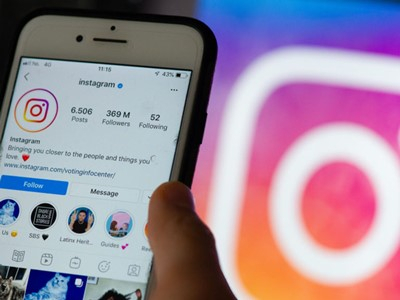 В Турции заблокировали доступ к Instagram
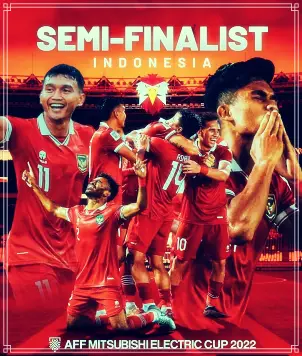 인도네시아축구대표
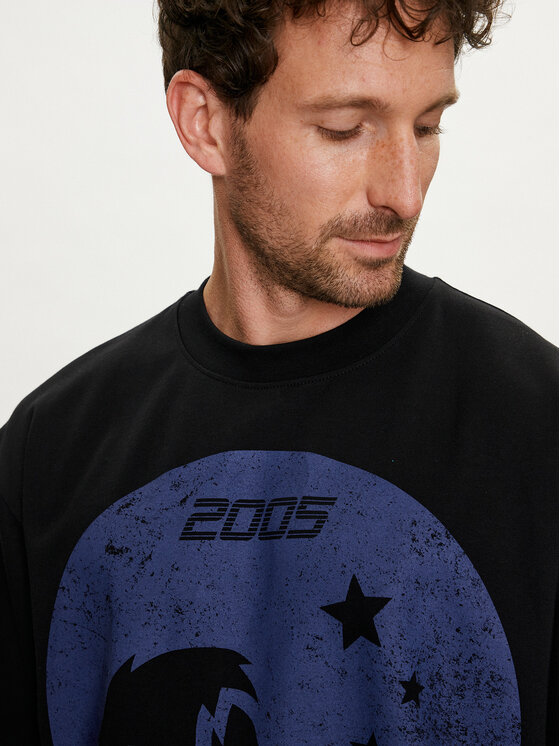 2005 2005 T-särk Unisex Kid Must Regular Fit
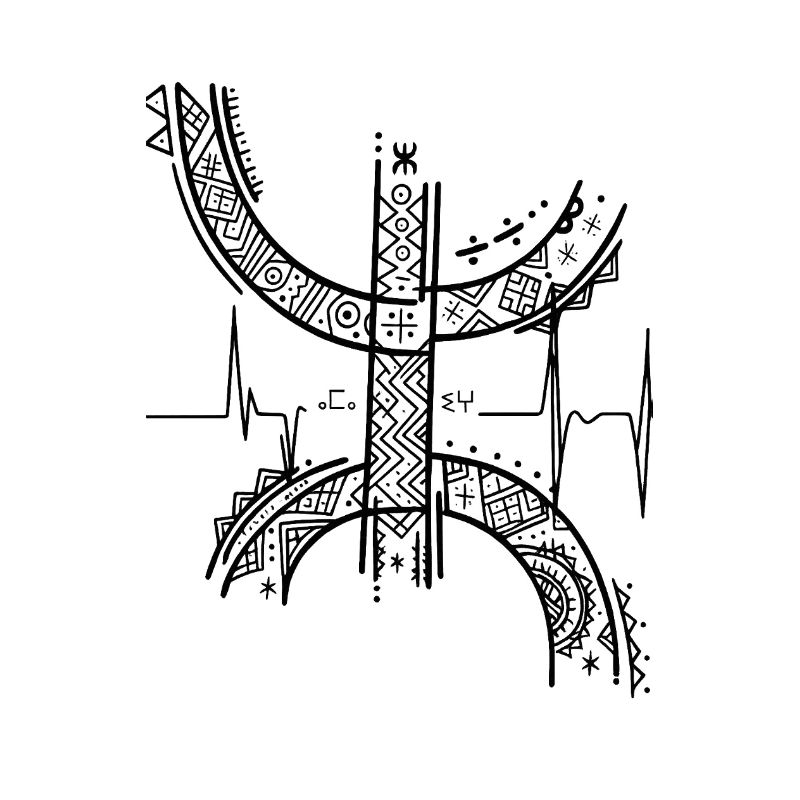 kabyle amazigh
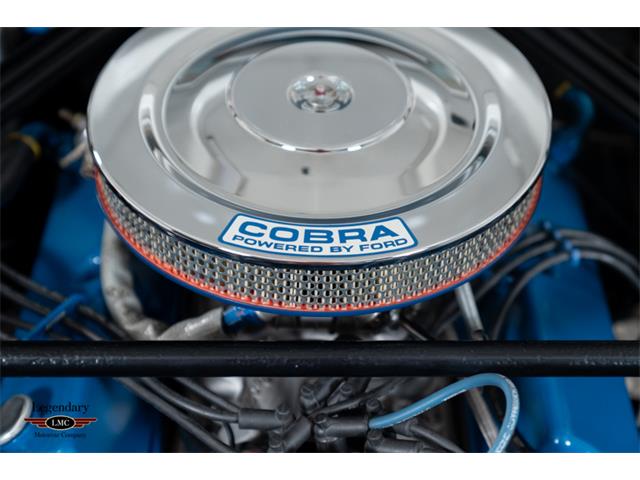 1967 Ford Mustang (CC-2075477) for sale in Halton Hills, Ontario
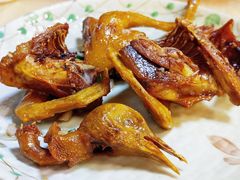 -蒸坊黄鳝饭(骏丰大厦店)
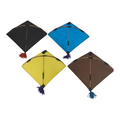 50 Pieces Heavy Bana Katadi | Tukal Kites Pauna Size 23" x 27"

- - -

PROMPT :: Excluding all images, transcribe the material word for word.

WRITTEN ANSWER ::
 В Турции заблокировали доступ к Instagram
 인도네시아축구대표
 2005 2005 T-särk Unisex Kid Must Regular Fit
 kabyle amazigh
 1967 Ford Mustang (CC-2075477) for sale in Halton Hills, Ontario
 -蒸坊黄鳝饭(骏丰大厦店)
 50 Pieces Heavy Bana Katadi | Tukal Kites Pauna Size 23" x 27"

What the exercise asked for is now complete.